• [WHAT NEEDS TO BE DONE]: Using the records below, write out only the lines from the line containing "中国女足角球防守漏人致丢球，水庆霞赛后解释战术布置被批推卸责任" up to and including the line containing "White Dudes For", exactly, with no pictures.

******************************

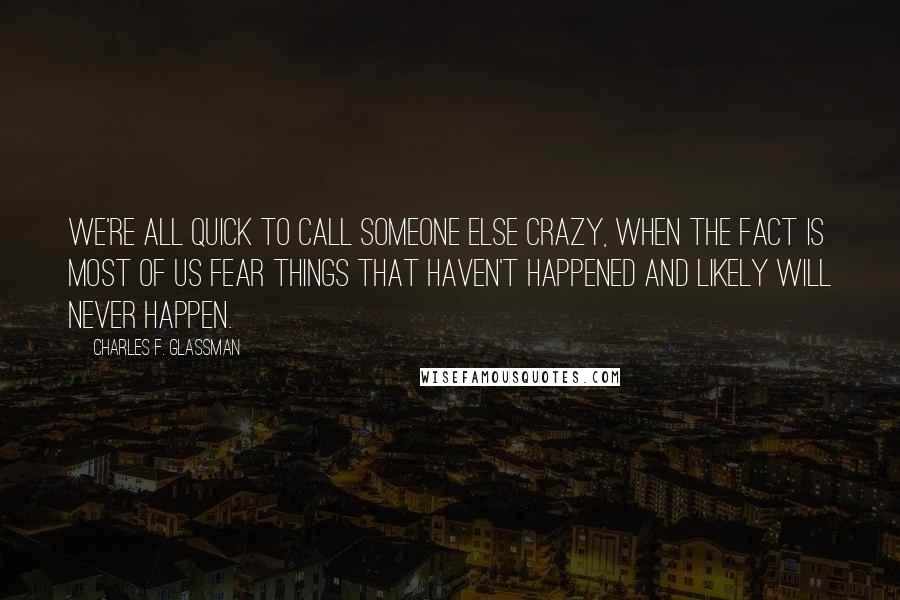 Charles F. Glassman Quotes: We're all quick to call someone else crazy, when the fact is most of us fear things that haven't happened and likely will never happen.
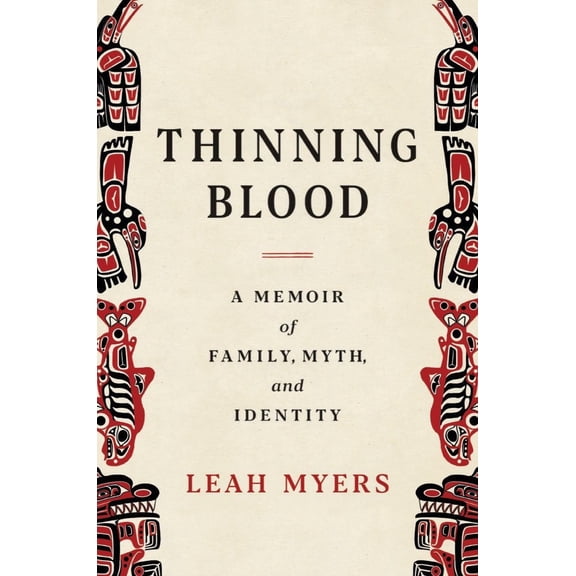 Pre-Owned Thinning Blood: A Memoir of Family, Myth, and Identity (Hardcover) 1324036702 9781324036708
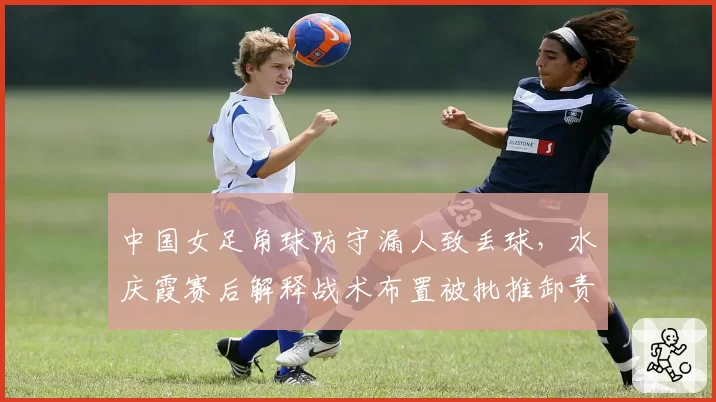 中国女足角球防守漏人致丢球，水庆霞赛后解释战术布置被批推卸责任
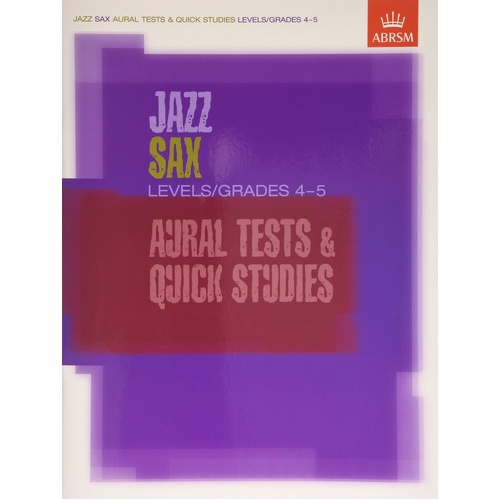 Jazz Sax Aural Tests & Quick Studies Grades 4-5 by ABRSM, 48 Pages, Includes CD, Woodwind Instrument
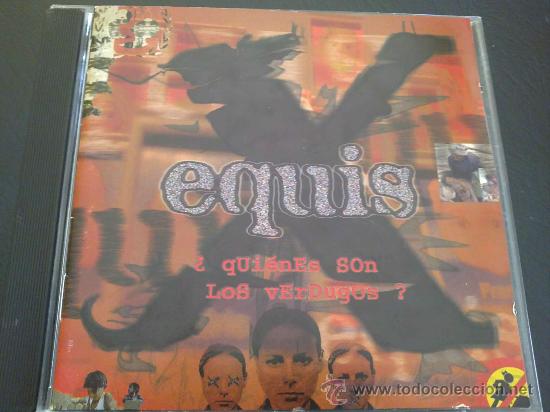 CDs de m&uacute;sica: EQUIS - &iquest;QUI&Eacute;N SON LOS VERDUGOS? - Foto 1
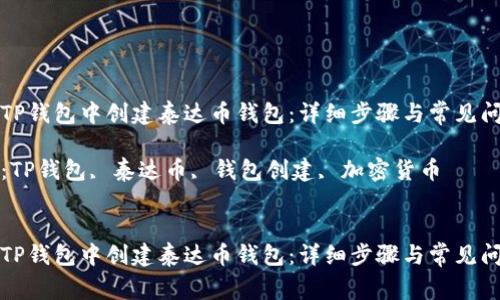 如何在TP钱包中创建泰达币钱包：详细步骤与常见问题解析

关键词：TP钱包, 泰达币, 钱包创建, 加密货币


如何在TP钱包中创建泰达币钱包：详细步骤与常见问题解析
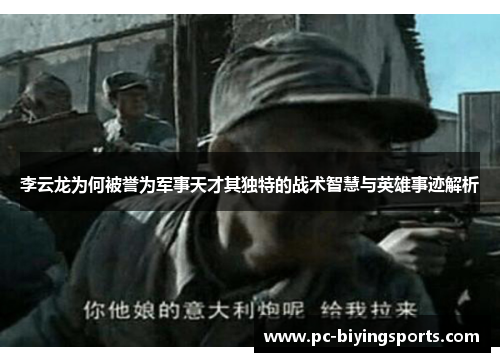 李云龙为何被誉为军事天才其独特的战术智慧与英雄事迹解析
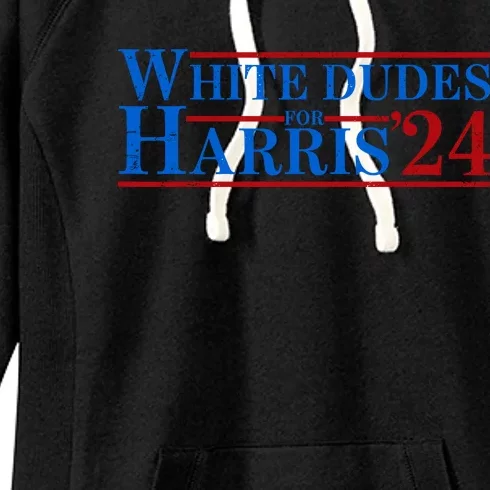 White Dudes For Harris 2024 For President Election Voting 2024 Women's Fleece Hoodie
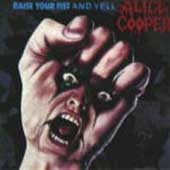 Alice Cooper - Raise Your Fist & Yell - Import CD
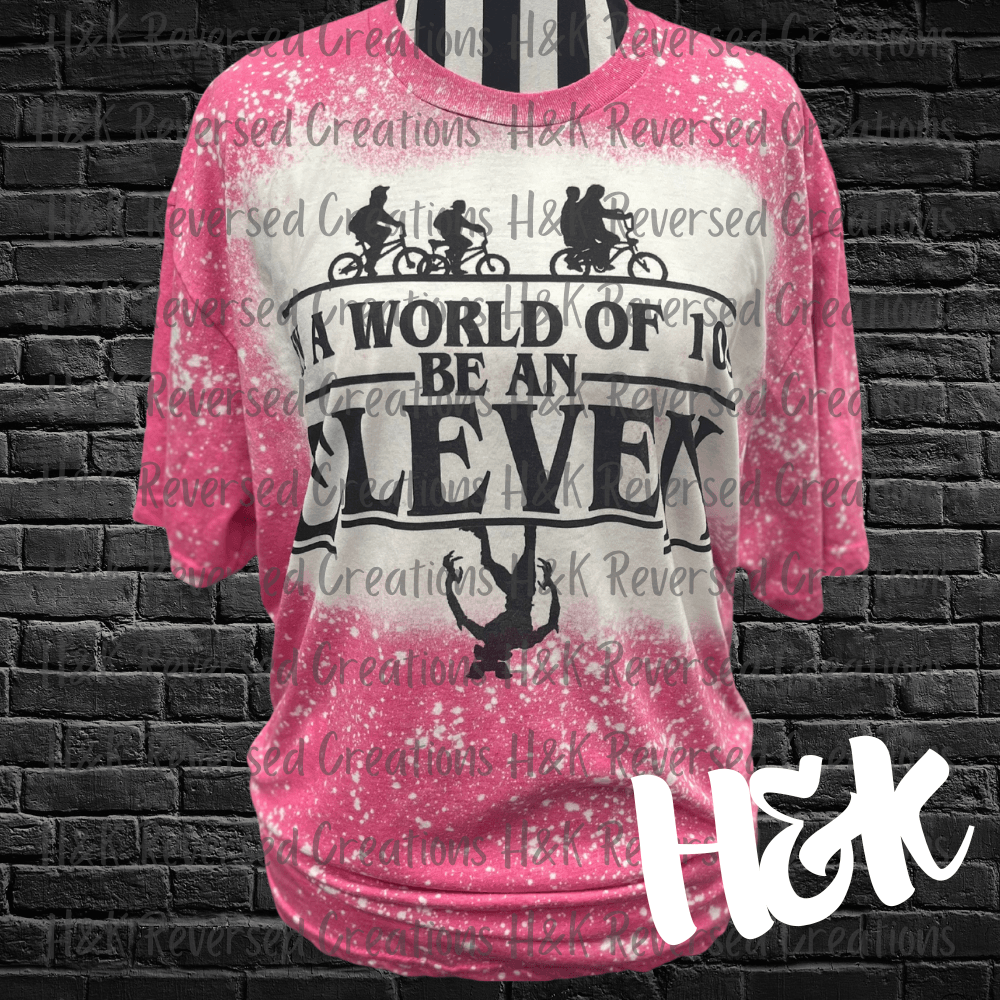 In A World Of 10s Be An Eleven, Red Bleached T Shirt - H&K Reversed Creations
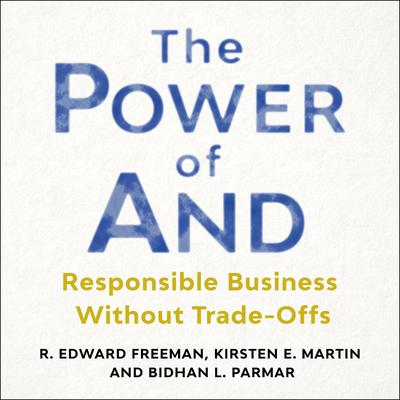 The Power of And by R. Edward Freeman audiobook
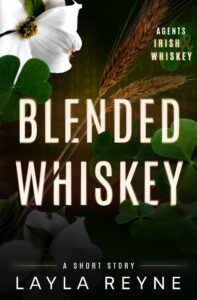 blended whiskey: an agents irish and whiskey short story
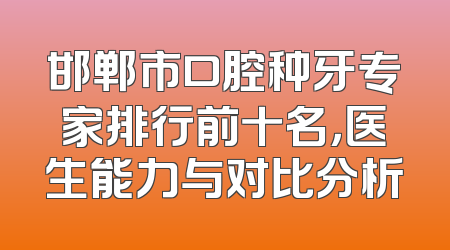 邯郸市口腔种牙专家排行前十名，医生能力与对比分析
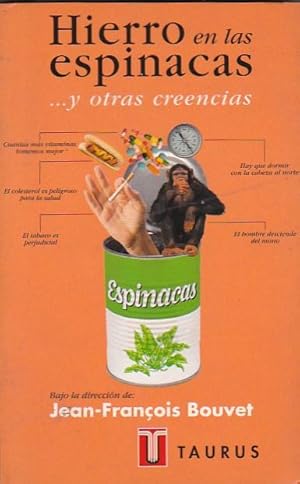 Bild des Verkufers fr Hierro en las espinacas. y otras creencias zum Verkauf von LIBRERA GULLIVER
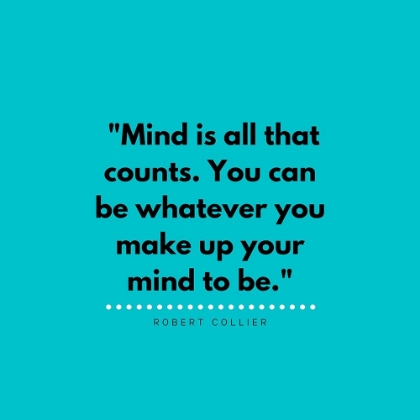 Picture of ROBERT COLLIER QUOTE: MAKE UP YOUR MIND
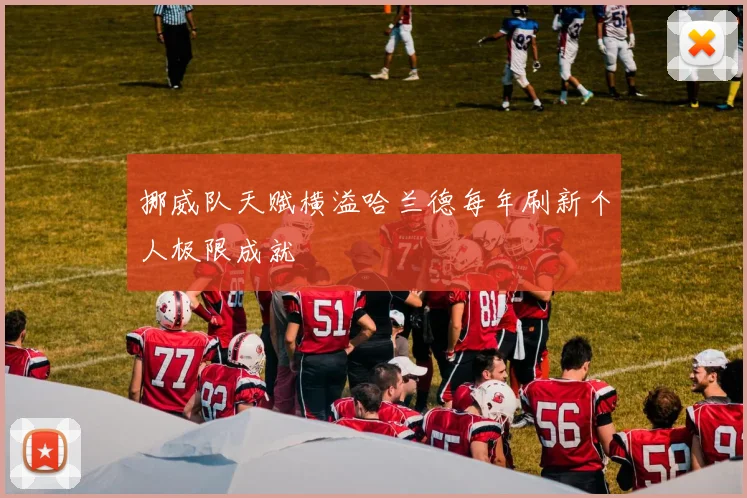 挪威队天赋横溢哈兰德每年刷新个人极限成就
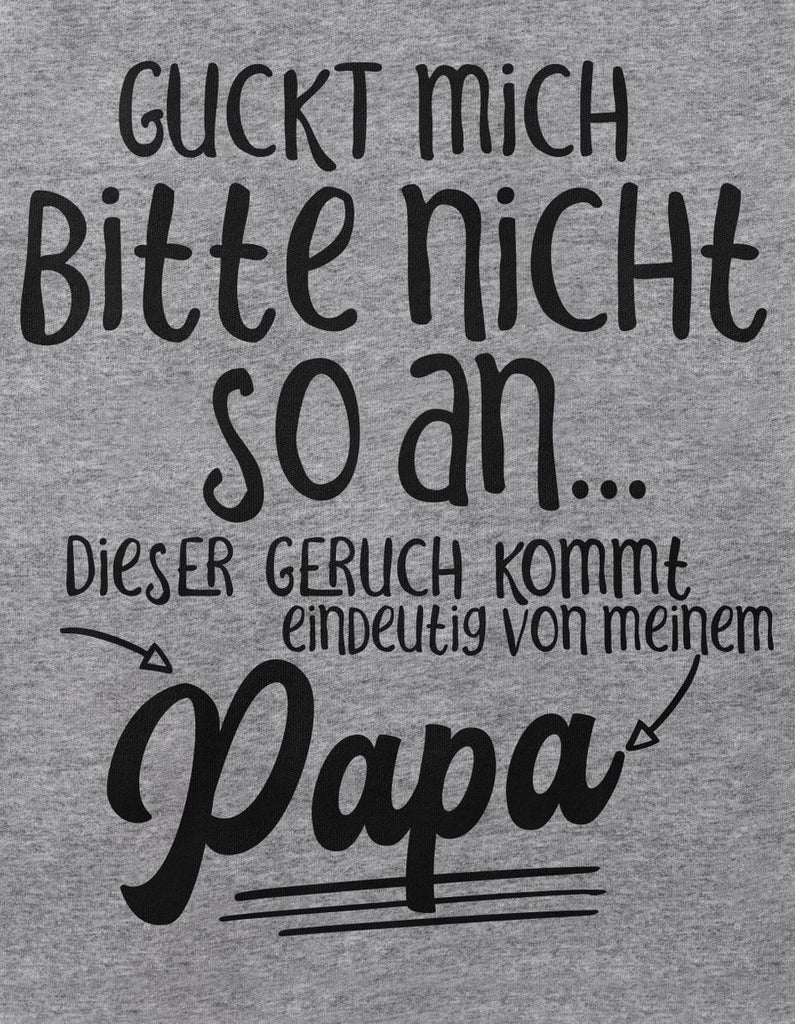 Babybody kurzarm Guckt mich bitte nicht so an.. dieser Geruch kommt von Papa - von Mikalino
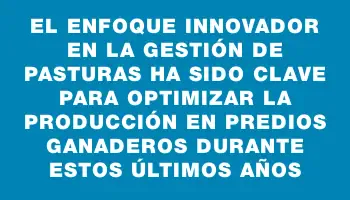 El enfoque innovador en la gestión de pasturas ha sido clave para optimizar la producción en predios ganaderos durante estos últimos años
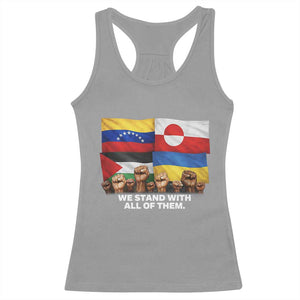 We Stand With Venezuela Greenland Ukraine Palestine Racerback Tank Top Solidarity Fists Flags Global Support TS02 Sport Gray Print Your Wear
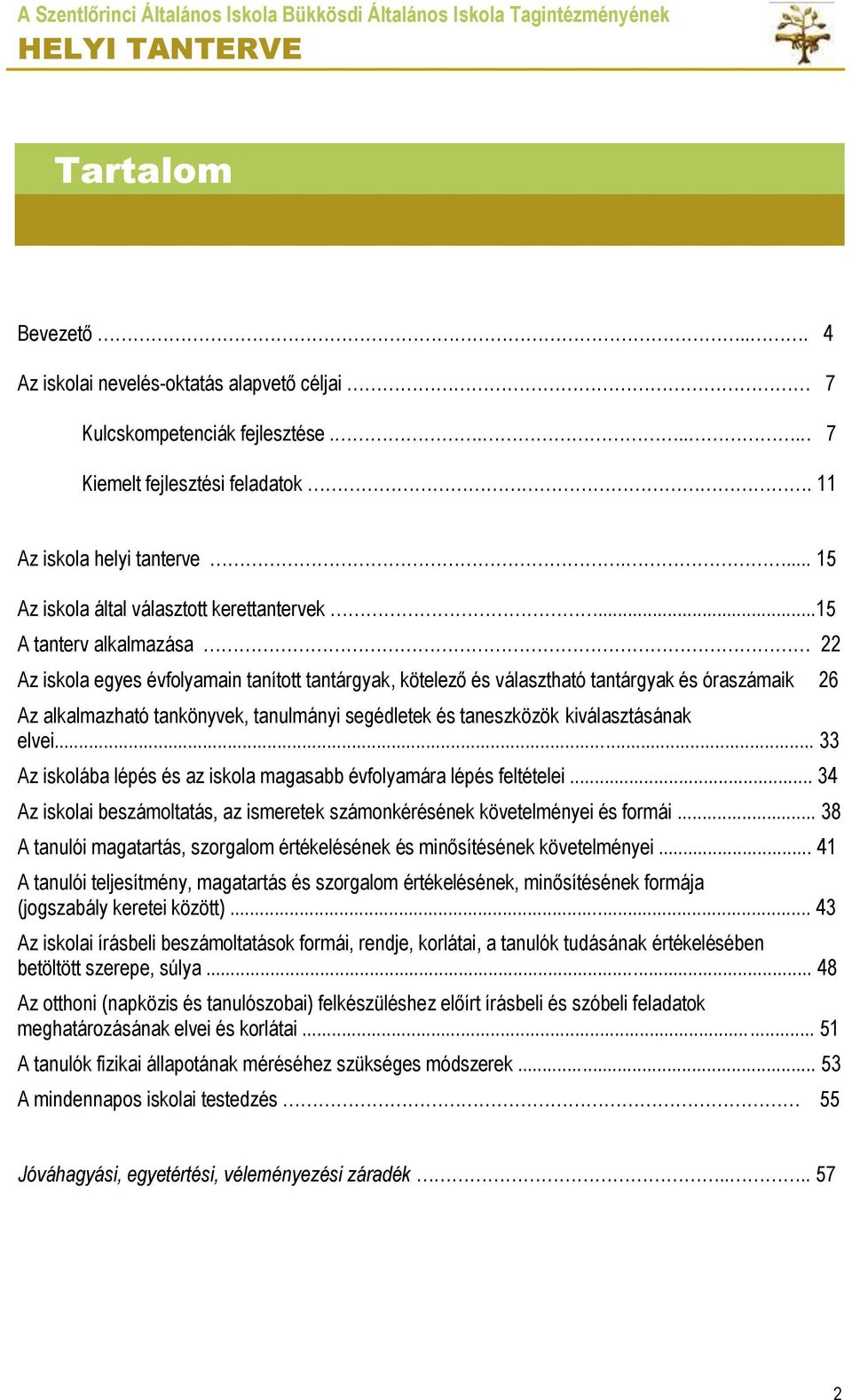 ..15 A tanterv alkalmazása 22 Az iskola egyes évfolyamain tanított tantárgyak, kötelező és választható tantárgyak és óraszámaik 26 Az alkalmazható tankönyvek, tanulmányi segédletek és taneszközök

******************************

• [ANSWER TO THIS PROBLEM]:
 中国女足角球防守漏人致丢球，水庆霞赛后解释战术布置被批推卸责任
 Jazz Sax Aural Tests & Quick Studies Grades 4-5 by ABRSM, 48 Pages, Includes CD, Woodwind Instrument
 CDs de m&uacute;sica: EQUIS - &iquest;QUI&Eacute;N SON LOS VERDUGOS? - Foto 1
 如何在TP钱包中创建泰达币钱包：详细步骤与常见问题解析

关键词：TP钱包, 泰达币, 钱包创建, 加密货币


如何在TP钱包中创建泰达币钱包：详细步骤与常见问题解析
 李云龙为何被誉为军事天才其独特的战术智慧与英雄事迹解析
 White Dudes For Harris 2024 For President Election Voting 2024 Women's Fleece Hoodie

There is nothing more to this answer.